Keep the images out while you retype all of the data exactly.

Extracted data entries

§ §

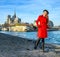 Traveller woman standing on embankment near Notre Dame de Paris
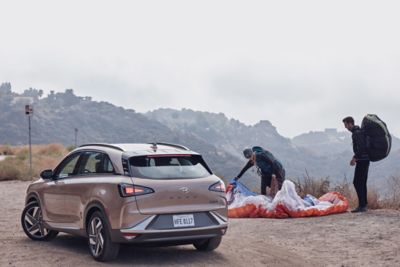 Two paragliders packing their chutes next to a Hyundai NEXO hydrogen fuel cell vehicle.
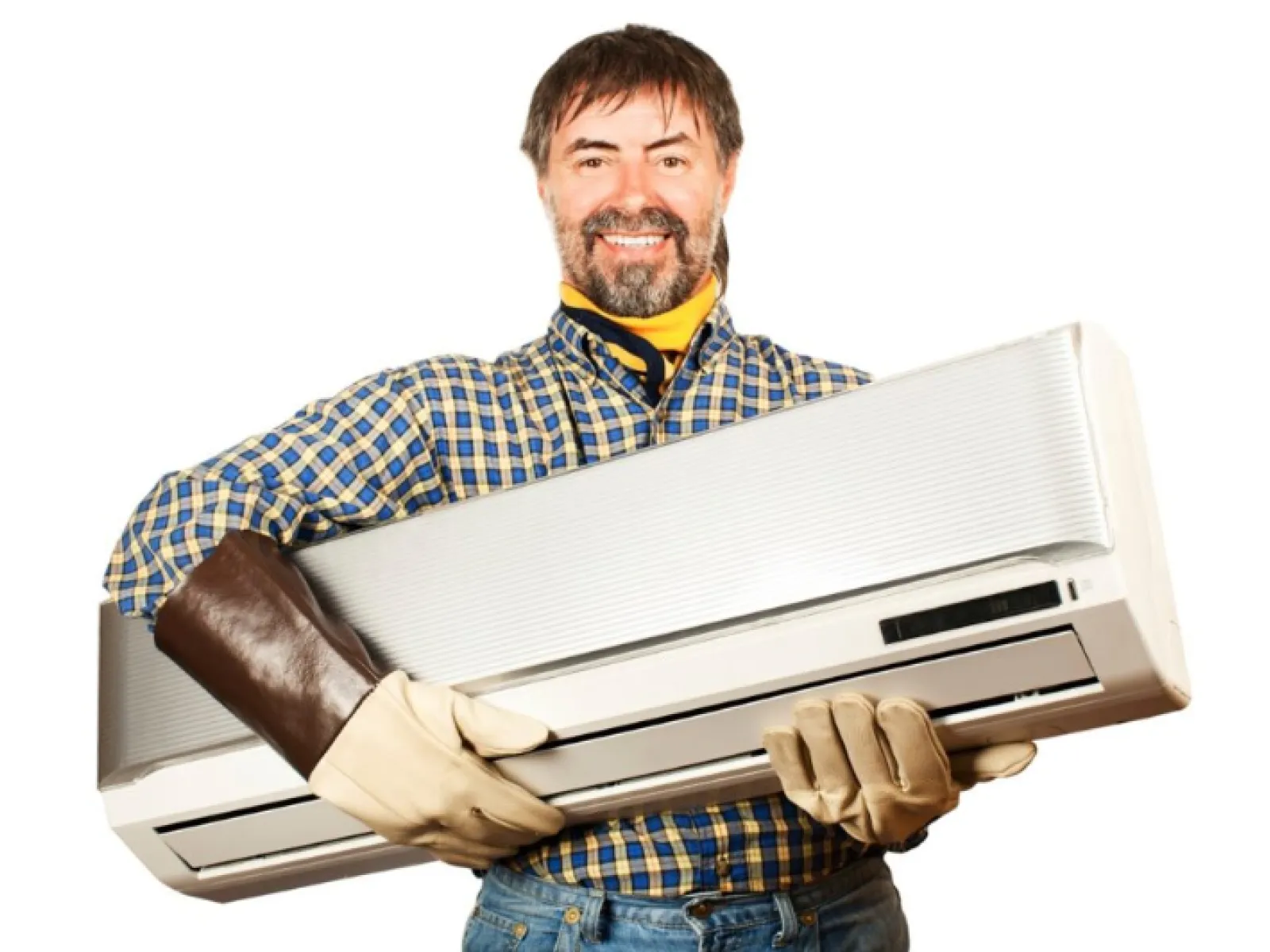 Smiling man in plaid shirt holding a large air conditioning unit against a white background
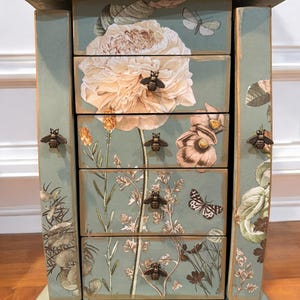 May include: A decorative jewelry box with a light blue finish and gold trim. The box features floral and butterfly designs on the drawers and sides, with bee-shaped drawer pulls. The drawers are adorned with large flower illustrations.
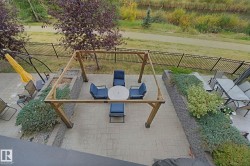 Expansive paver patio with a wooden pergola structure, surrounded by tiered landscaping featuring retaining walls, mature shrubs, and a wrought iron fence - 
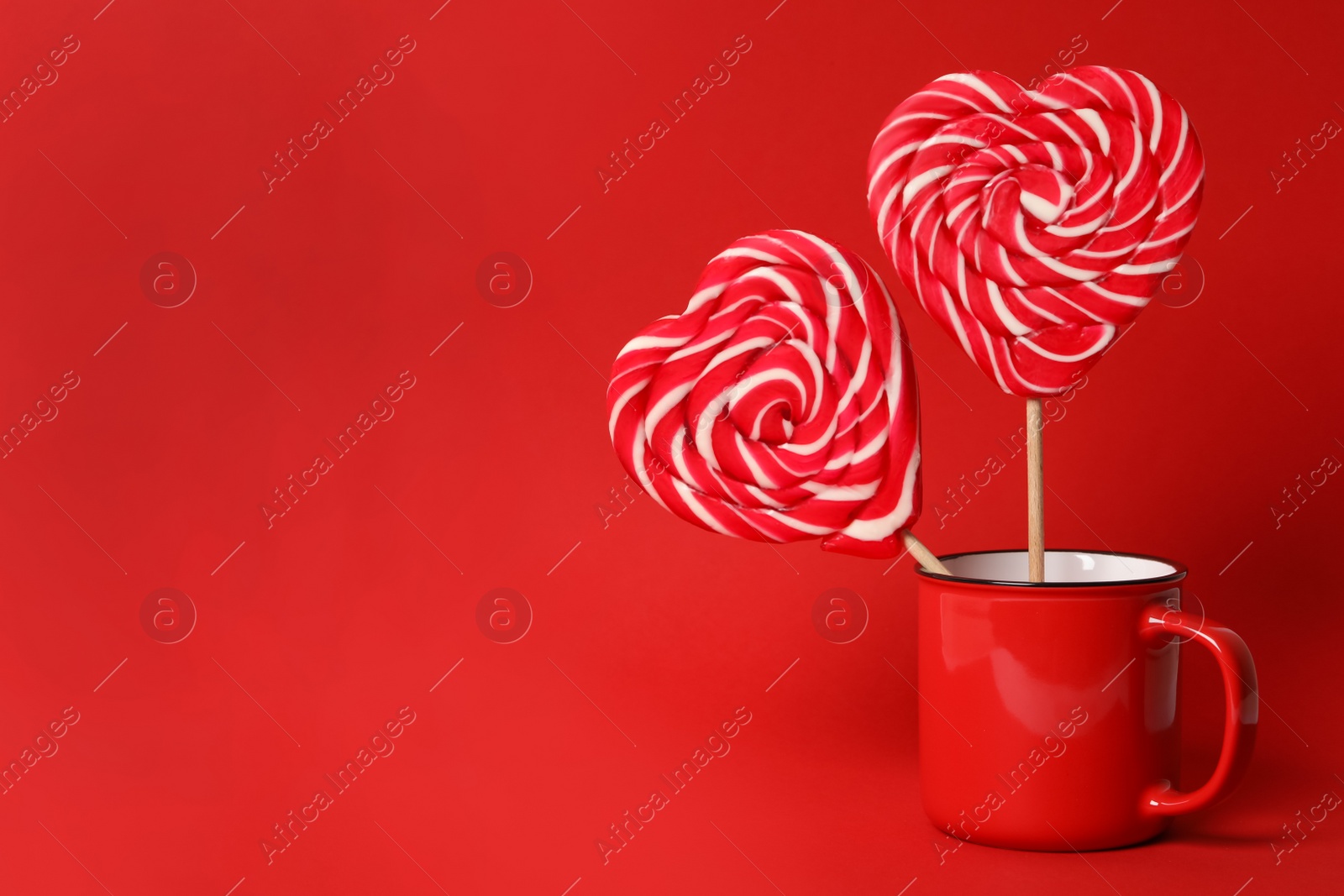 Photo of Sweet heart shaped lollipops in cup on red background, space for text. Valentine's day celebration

§ §

• The completed task
 Traveller woman standing on embankment near Notre Dame de Paris
 Two paragliders packing their chutes next to a Hyundai NEXO hydrogen fuel cell vehicle.
 Smiling man in plaid shirt holding a large air conditioning unit against a white background
 May include: A decorative jewelry box with a light blue finish and gold trim. The box features floral and butterfly designs on the drawers and sides, with bee-shaped drawer pulls. The drawers are adorned with large flower illustrations.
 Expansive paver patio with a wooden pergola structure, surrounded by tiered landscaping featuring retaining walls, mature shrubs, and a wrought iron fence - 
 Photo of Sweet heart shaped lollipops in cup on red background, space for text. Valentine's day celebration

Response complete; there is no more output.